SPDY aims to address the current problems with HTTP; specifically the fact that HTTP relies on multiple connections for concurrency, which can cause delays for the client. The three main improvements over HTTP are:
- An unlimited number of requests can be issued concurrently over a single SPDY connection, making TCP much more efficient.
- Requests can be prioritised according to the client’s needs.
- Headers will be compressed to save much latency and bandwidth.
Looking at the current SPDY whitepaper there are additional aims which appear more ambitious still. The current HTTP model caters exclusively for client-initiated requests. Google highlight their desire for SPDY to support bi-directional streams, breaking from the current HTTP model which caters exclusively for client-initiated requests. Thus data could to be pushed to the client. This would allow web applications to receive a notification the instant something happens, rather than having to poll the server, which is expensive. Moreover, by constantly staying one step ahead of the client, resources could be provided far quicker. Google are currently using a faux-push hack to allow real-time updates in AJAX applications like Gmail and Google Wave, so this seems like a natural progression and should provide greater flexibility in such cases.
Google have so far built a high-speed, in-memory server, and a modified Chrome client. As is standard with Google, the project is all open sourced (although some of it is not yet available). The source code for the modified Chrome client can be found here.

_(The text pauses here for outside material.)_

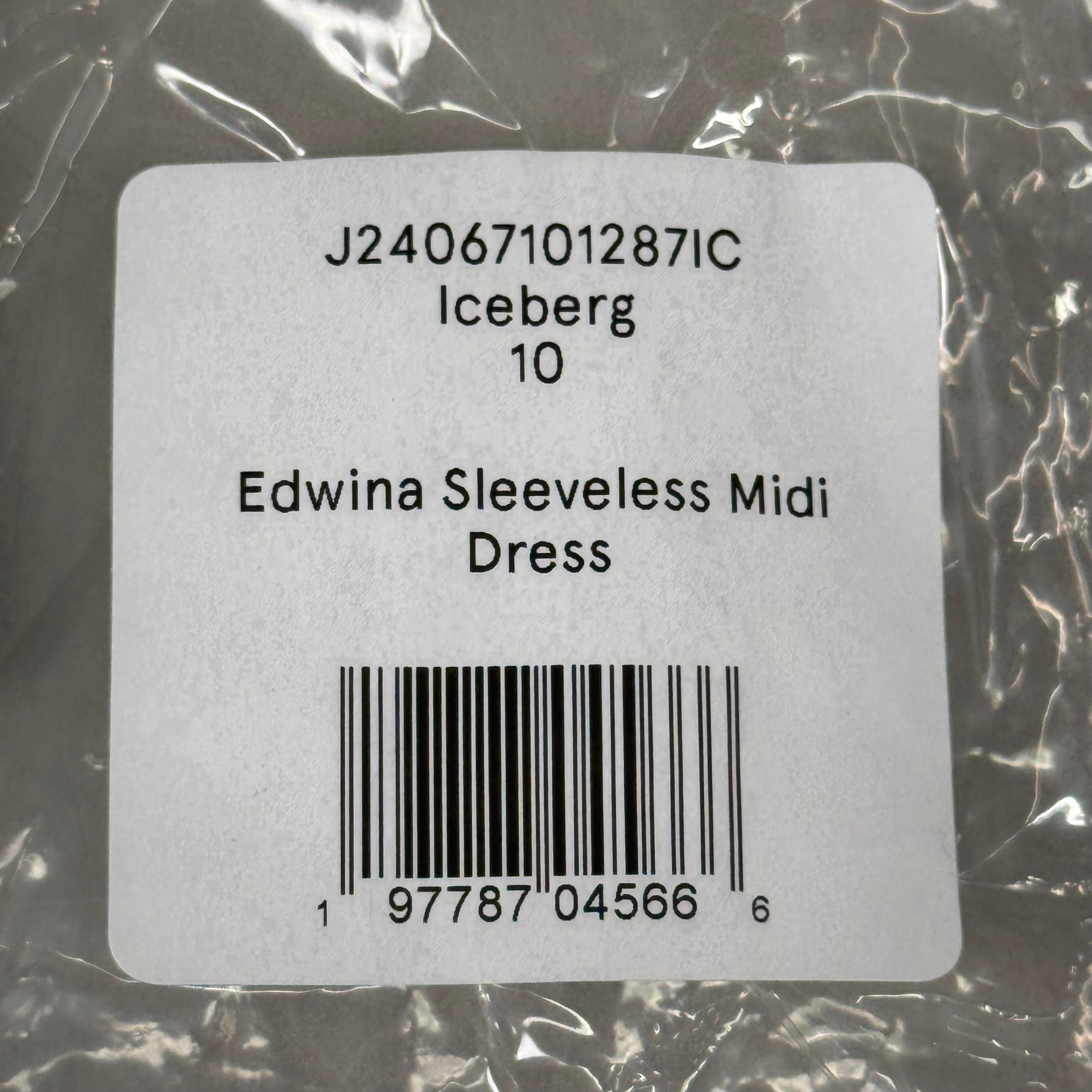 VERONICA BEARD Jeans Edwina Sleeveless Midi Dress Sz-10 Iceberg J24067101287IC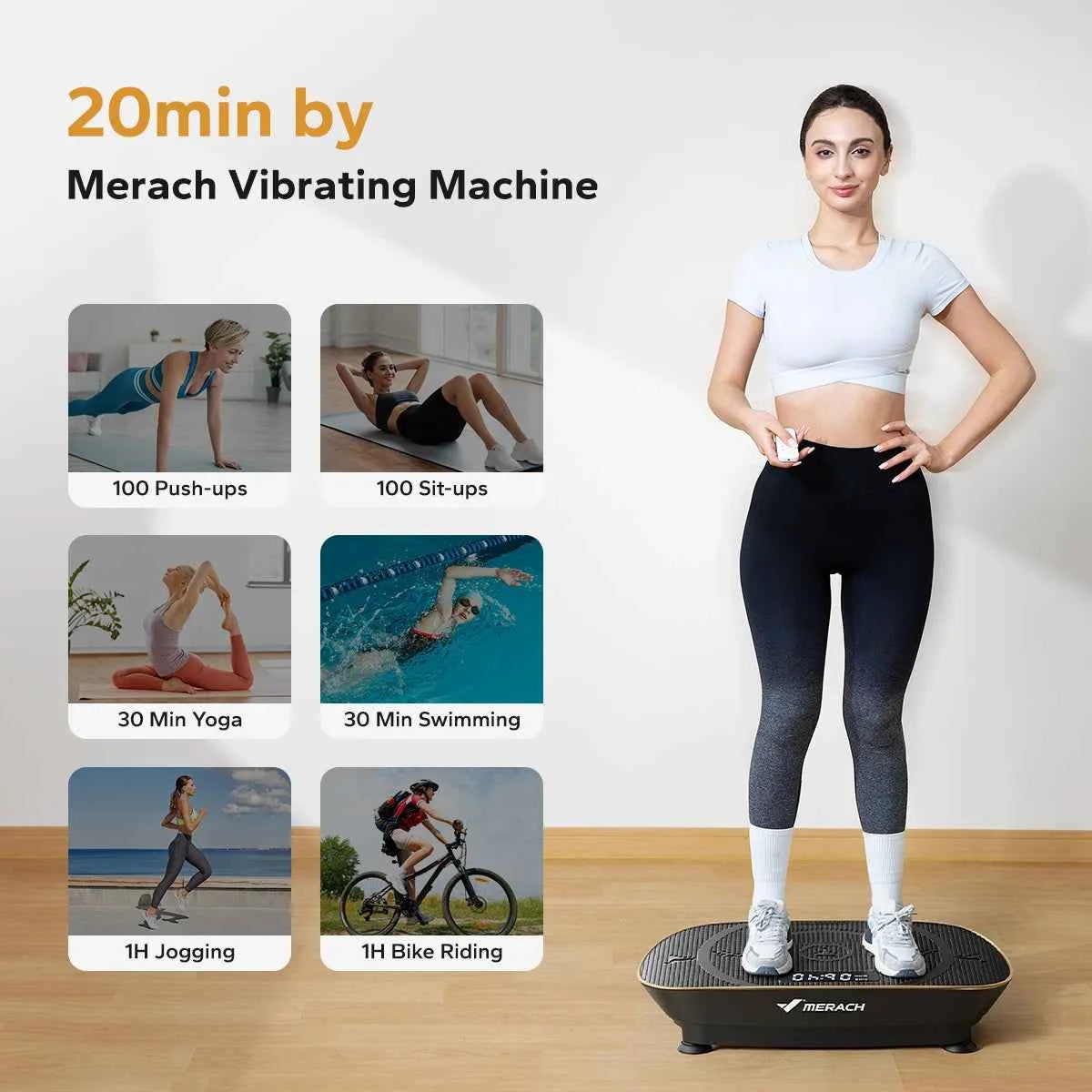 MERACH Vibration Plate Exercise Machine For A Whole Body Workout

One of SPDY’s primary high-level goals was to achieve a 50% reduction in page load time. Early results show that this target can certainly be met as they claim to have seen up to 64% reductions in page load times. A summary of the test results to date can be found here. However it is important to note that whilst these results are promising, Google themselves acknowledge that they don’t know how well they represent the real world.
SPDY has been compared to HTTP Pipelining. However it is easier to deploy and does not appear to have the same limitations. As it is still in the development stage it is perhaps too early to say for sure, but this could well be the future of the web. It is certainly unlikely that Google will put too much effort into developing HTTP Pipelining support for the Chrome browser with SPDY in the (pun intended) pipeline.
For now however, HTTP remains the application-layer protocol of choice. Which means that for now at least, I can relax with the knowledge that I understand how it all works.